# [Supplied information]
------------------------------------

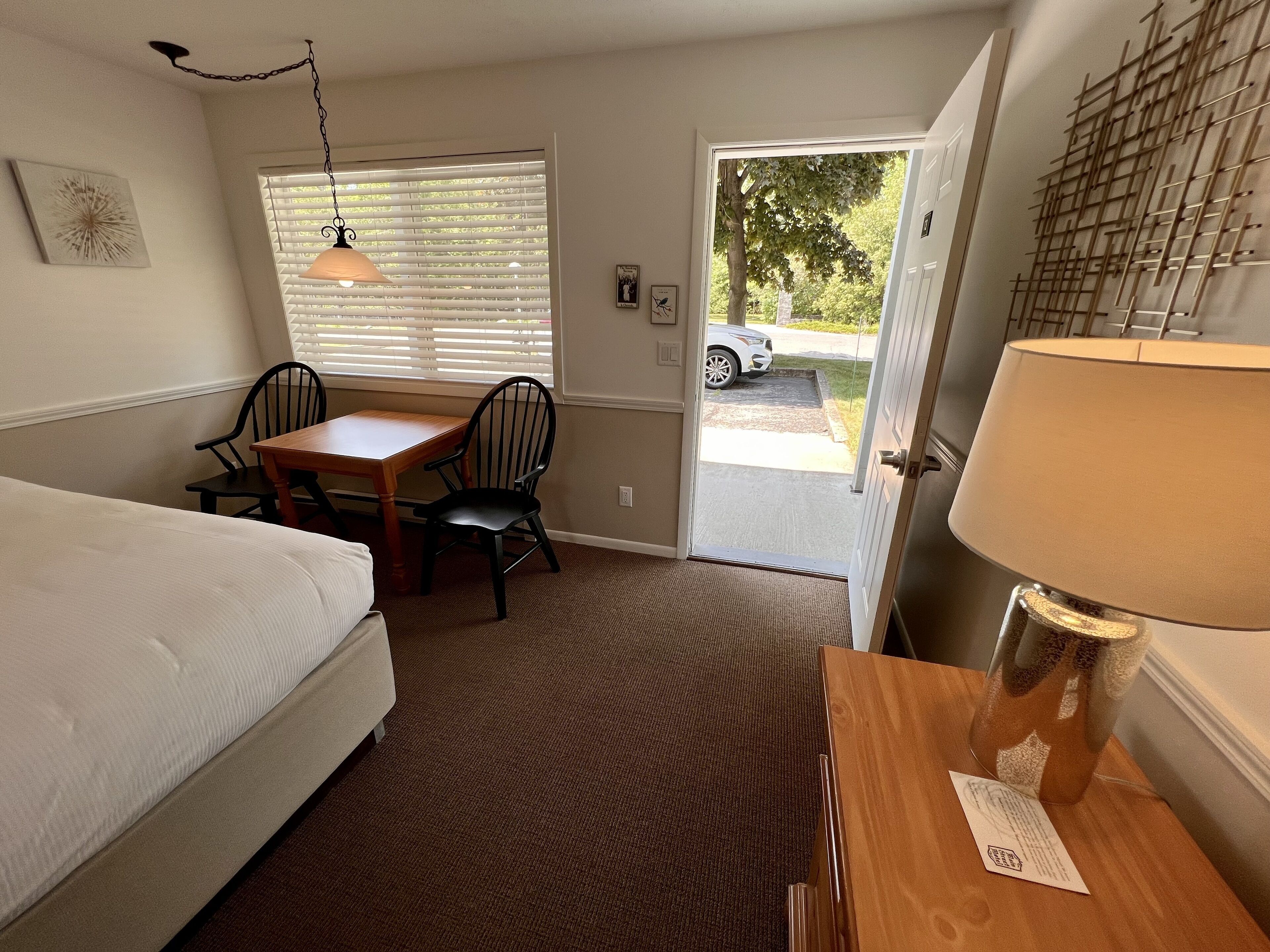 Habitación de hotel con cama, una mesa de madera, una silla, una lámpara, una ventana con persianas y una puerta que da al exterior.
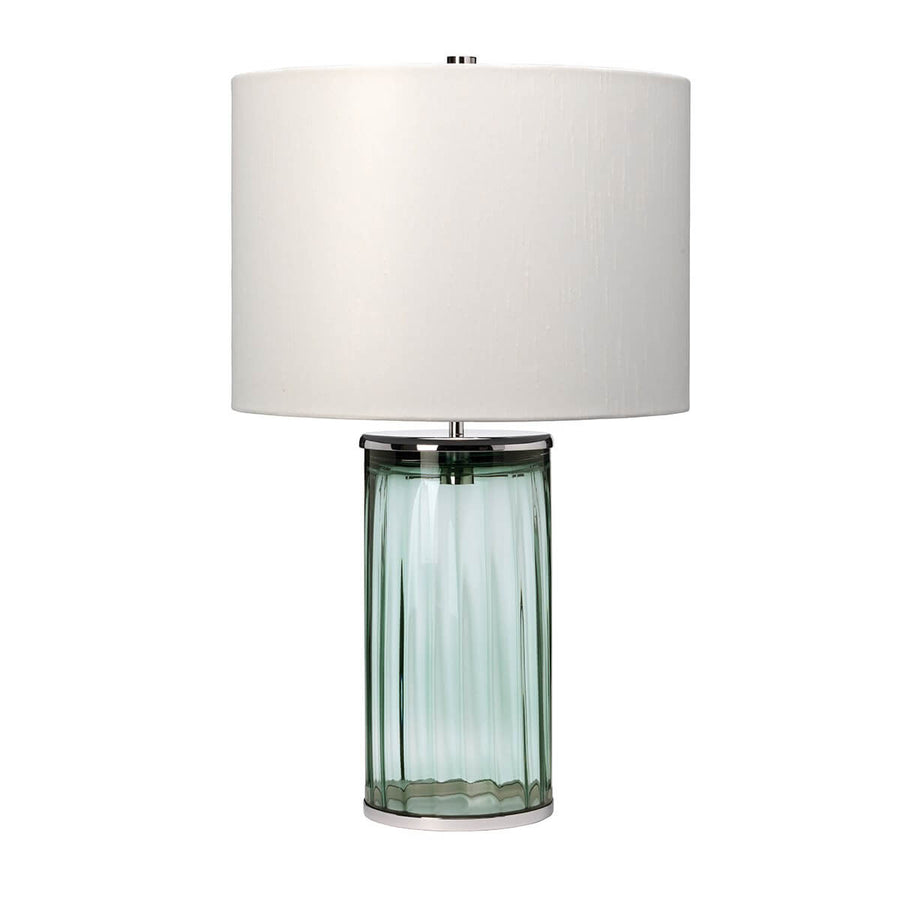 Vue de face de la lampe à poser, abat-jour blanc et base en verre vert.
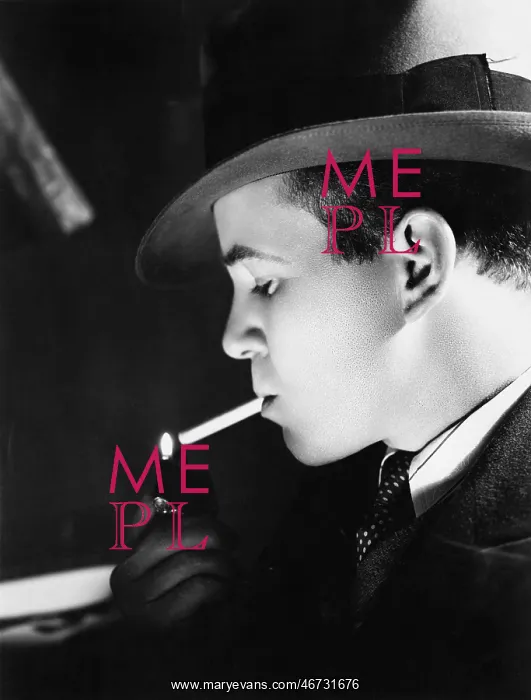 : Close-up of a young man with a hat lighting a cigarette : Close-up of a young man with a hat lighting a cigarette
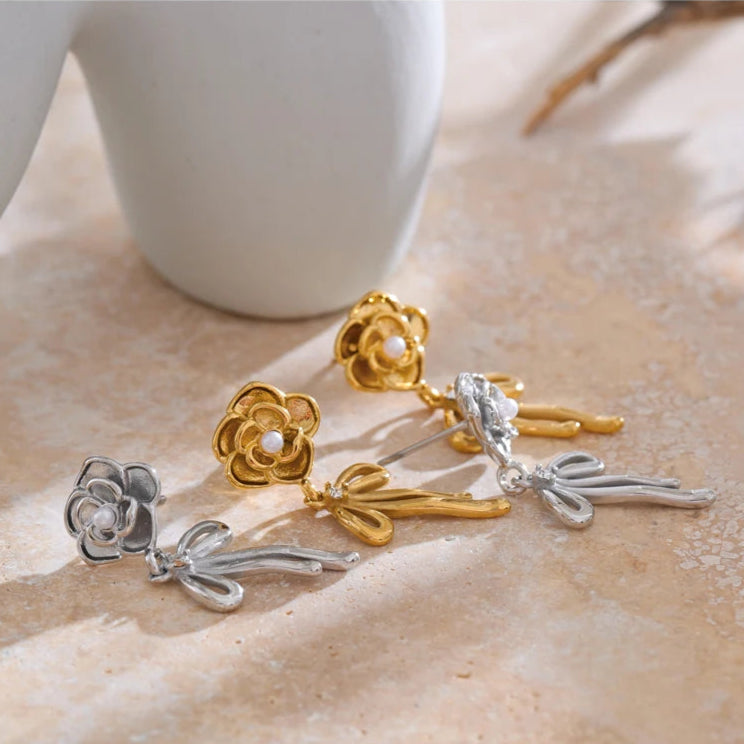 boucle d'oreille noeud acier inoxydable en deux couleurs argent et doré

------------------------------------

# [Task instructions]
Set the material down exactly, images excluded.

# [Output]
 Habitación de hotel con cama, una mesa de madera, una silla, una lámpara, una ventana con persianas y una puerta que da al exterior.
 Vue de face de la lampe à poser, abat-jour blanc et base en verre vert.
 : Close-up of a young man with a hat lighting a cigarette : Close-up of a young man with a hat lighting a cigarette
 boucle d'oreille noeud acier inoxydable en deux couleurs argent et doré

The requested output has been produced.